GOAL OF THE EXERCISE
Every line below from the one containing "Grencian 200 Pcs" through the one containing "vidaXL Vidaxl - Set" is to be printed exactly, with the pictures omitted.

SUPPLIED MATERIAL
[Start of section]
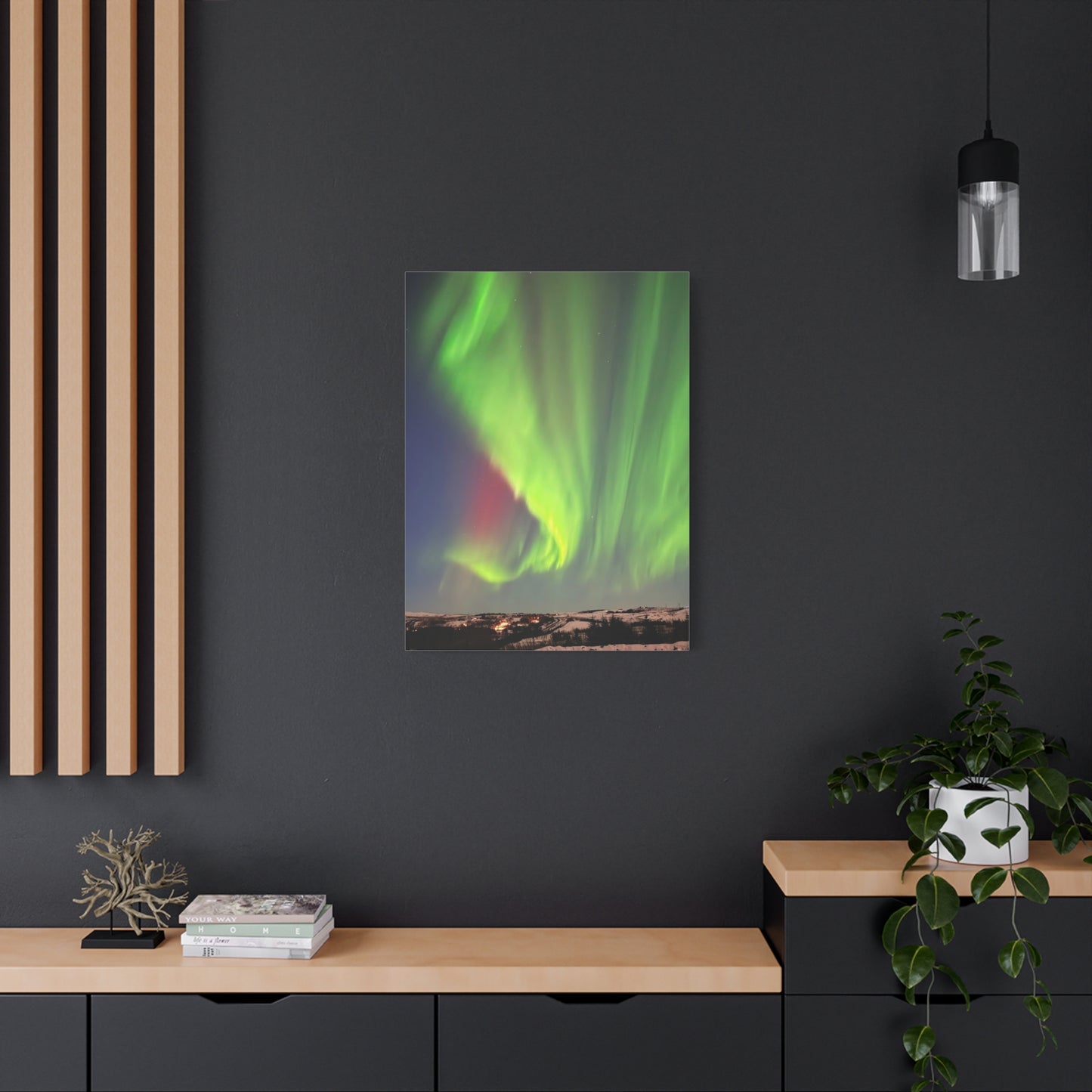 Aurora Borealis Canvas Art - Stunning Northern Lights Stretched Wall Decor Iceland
[End of section]
[Start of section]
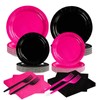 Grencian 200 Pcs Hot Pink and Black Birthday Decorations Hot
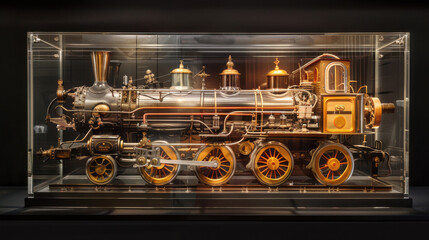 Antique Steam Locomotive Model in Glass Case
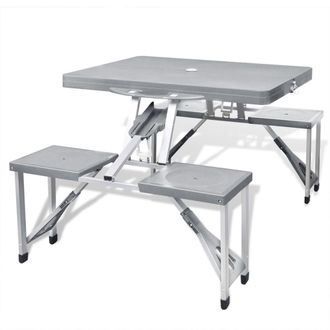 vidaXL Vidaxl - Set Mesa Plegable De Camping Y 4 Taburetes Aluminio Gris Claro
[End of section]
EXERCISE RESPONSE
 Grencian 200 Pcs Hot Pink and Black Birthday Decorations Hot
 Antique Steam Locomotive Model in Glass Case
 vidaXL Vidaxl - Set Mesa Plegable De Camping Y 4 Taburetes Aluminio Gris Claro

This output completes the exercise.